GEMA sieht Handlungsbedarf
Dr. Ralf Weigand, Vorsitzender des GEMA-Aufsichtsrats, äußerte sich zu den alarmierenden Ergebnissen: „Die Ergebnisse des GEMA Radio-Reports sind keine gute Nachricht für die Musikschaffenden in Deutschland.“ Er betont die Notwendigkeit einer Vielfalt in der Musikkultur, um auch kleinen Künstlern eine Bühne zu bieten. In Zeiten, in denen öffentlich-rechtliche Kulturwellen eingespart werden, appelliert er an die Radiostationen, die lokale Musik und die eigene Sprache nicht zu vernachlässigen.

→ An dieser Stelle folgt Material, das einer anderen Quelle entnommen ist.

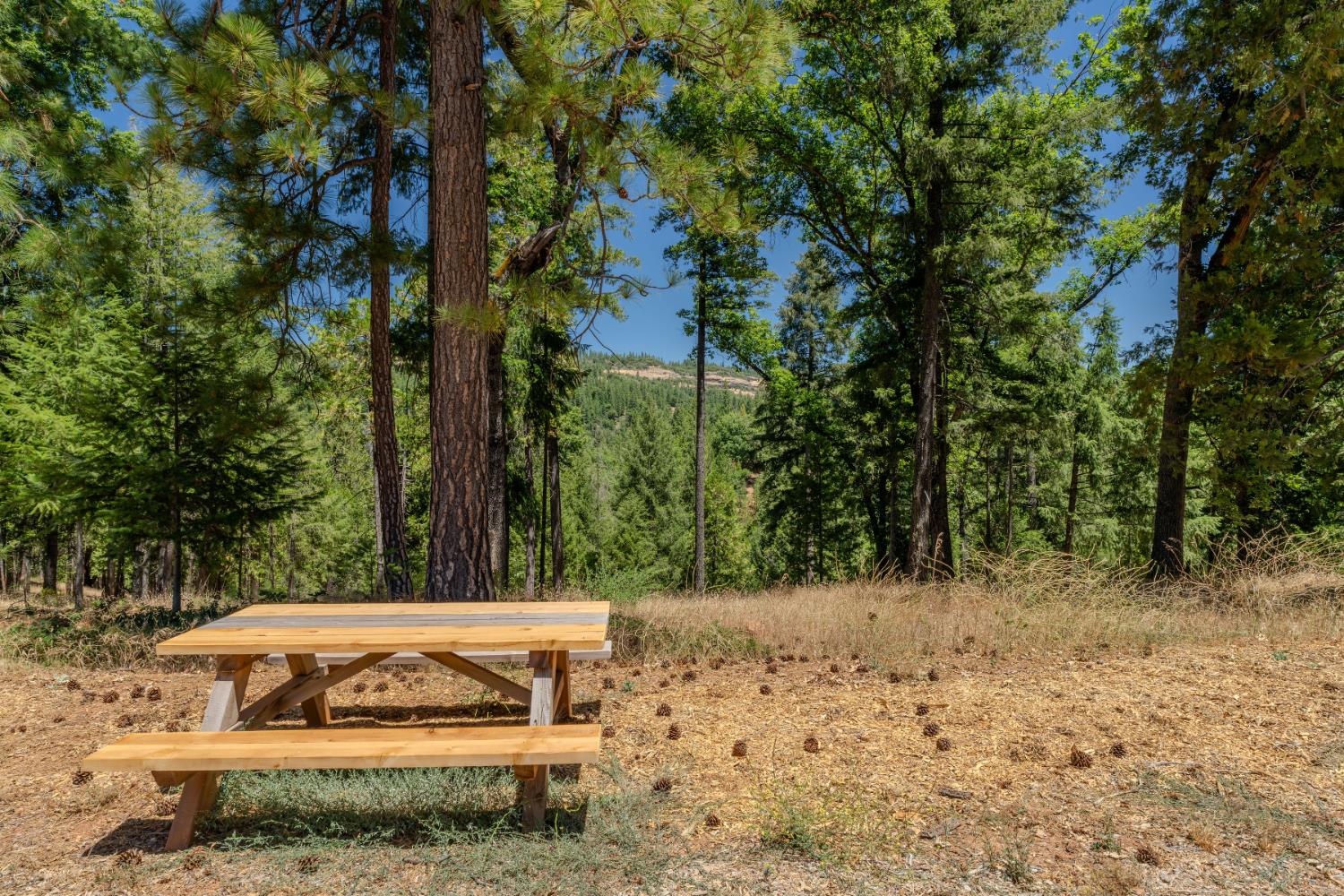 7401 Schaad Road Wilseyville, CA 95257 - Photo 58 of 76 a view of a yard with large trees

Radio als wichtiges Medium für Musikentdeckung
Stephanie Scharmann, Abteilungsleiterin Verteilung Sendung/Online bei der GEMA, hebt hervor, wie wichtig das Radio als Medium zur Entdeckung neuer Musik ist. „Unsere Mitglieder, die Urheberinnen und Urheber der Songs, profitieren insbesondere von Radioprogrammen mit einer großen kulturellen Bandbreite“, erklärt sie. Die Analyse der Radioprogramme biete nicht nur wertvolle Einblicke in die deutsche Radiolandschaft, sondern sei auch wichtig für die Verteilung der GEMA-Gelder.

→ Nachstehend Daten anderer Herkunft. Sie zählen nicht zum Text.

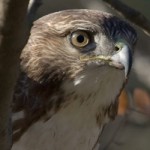 Red-tailed hawk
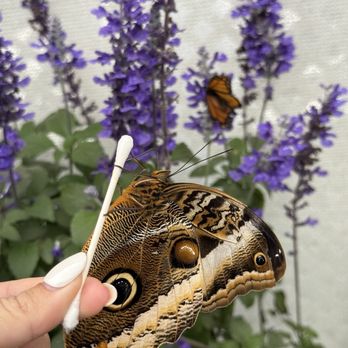 The Flower Fields - Butterfly exhibit - Venues & Event Spaces Near Me - Carlsbad, California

Anstieg der Programmvielfalt, aber wenig Moderation
Die Analyse zeigt auch, dass der Anteil redaktionell betreuter Musiksendungen in den letzten Jahren stark zurückgegangen ist. Nur ein geringer Teil (zwischen 2 und 3 Prozent) der gesendeten Musiksendungen wird moderiert. Immerhin gab es im Jahr 2024 einen leichten Anstieg des Anteils moderierter Sendungen auf 2,5 Prozent im Vergleich zu 1,8 Prozent im Jahr 2022.
Nischenrepertoire kaum vorhanden
Ein weiterer besorgniserregender Befund ist der geringe Anteil an Nischenrepertoire, insbesondere bei privaten Radiosendern. Während öffentlich-rechtliche Sender etwa 30 Prozent unbekannterer Künstler und Werke spielen, liegt dieser Anteil bei privaten Sendern bei unter 5 Prozent. Es gibt jedoch einen leichten Trend zu einer höheren Berücksichtigung von Nischenmusik bei privaten Stationen.

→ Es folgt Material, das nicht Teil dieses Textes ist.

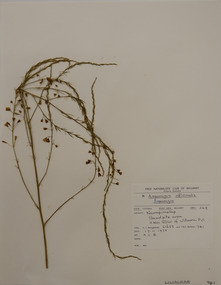Plant specimen, Alexander Clifford Beauglehole, Asparagus officinalis L, 17/11/1978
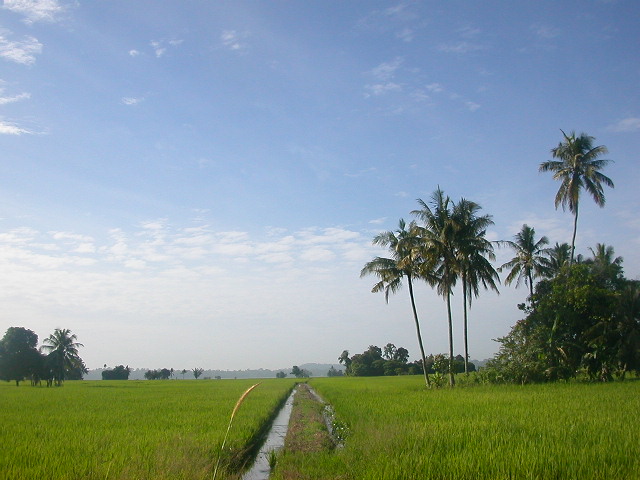 Detail Background Sawah Padi Nomer 45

Fazit: Dringender Handlungsbedarf für Vielfalt
Die GEMA-Studie legt eindrucksvoll dar, dass sowohl der Anteil an deutschsprachiger Musik als auch die Programmvielfalt im Radio rückläufig sind. Öffentlich-rechtliche Sender spielen durchschnittlich 10.000 verschiedene Titel pro Sender, was mehr als viermal so viele wie die privaten Akteure (2.300) sind. Um die kulturelle Vielfalt in Deutschland zu fördern, sind gemeinsame Anstrengungen nötig, um die deutsche Musikkultur im Radio lebendig zu halten.
Hintergrund
Die GEMA vertritt in Deutschland die Urheberrechte von rund 95.000 Mitgliedern sowie von über zwei Millionen Rechteinhaberinnen und Rechteinhabern aus aller Welt. Sie gehört zu den größten Autorengesellschaften in der Musikbranche weltweit.